Mira hacia la luna y llámala a gritos, para que vea lo mucho que asciendes, para que contemple tus alas desempolvadas y llenas del fulgor que sólo los ángeles aspiran a poseer.
Y en tu ascenso al infinito párate a contemplar los pájaros que se elevan agitando sus alas bajo la armoniosa melodía que emite el mundo; acaricia las nubes que te sirven de lecho para descansar y que te cobijan de la tormenta y, sobre todo, déjate llevar por las estrellas que iluminan tu paso, pues si bien anclarte toda la vida a su luz no es una opción aconsejable, sólo un necio pasaría por su lado sin admirar la belleza refulgente y sobrenatural que parece desprenderse de su pureza.

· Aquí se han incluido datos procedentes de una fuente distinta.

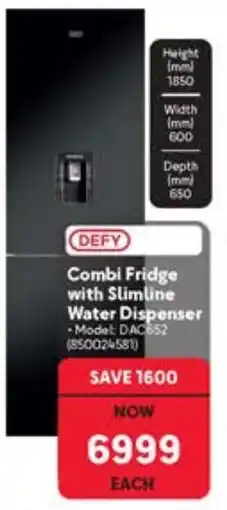 Makro Defy Combi Fridge with Slimline Water Dispenser offer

No persigas un destino, conviértete en él y bebe del brebaje divino que emana a raudales del mundo, ese que te confiere el poder que nadie más tiene para ver lo que los ojos normales no pueden ver, para oír lo que los oídos no oyen y para sentir aquello que sólo tú puedes sentir.
Captura el silencio, ese que a pesar de portar su nombre, es más sonoro que el ruido más estridente que jamás pudieras haber escuchado. Y no pienses que esto que digo es cosa de locos, pues sólo aquel que es capaz de oír el silencio, de palpar sus acordes, puede de verdad observar más allá de las finas hebras que componen el universo y de imaginar para sí una realidad paralela que parece escurrirse entre los dedos.
Y vive. Vive como si tus latidos bombardeasen tu pecho con la fuerza de un tambor que anuncia la muerte. No desesperes en tus intentos por encontrar esa puerta escondida que te lleva al verdadero mundo al que perteneces. Porque nuestra existencia no es sólo lo que en una habitación se guarda, sino lo que está fuera de ella.
Deja que tu mente se libere y que la verdadera vida comience ahora. Deja de intentar controlar el mundo y permite que sea él quién te lleve consigo.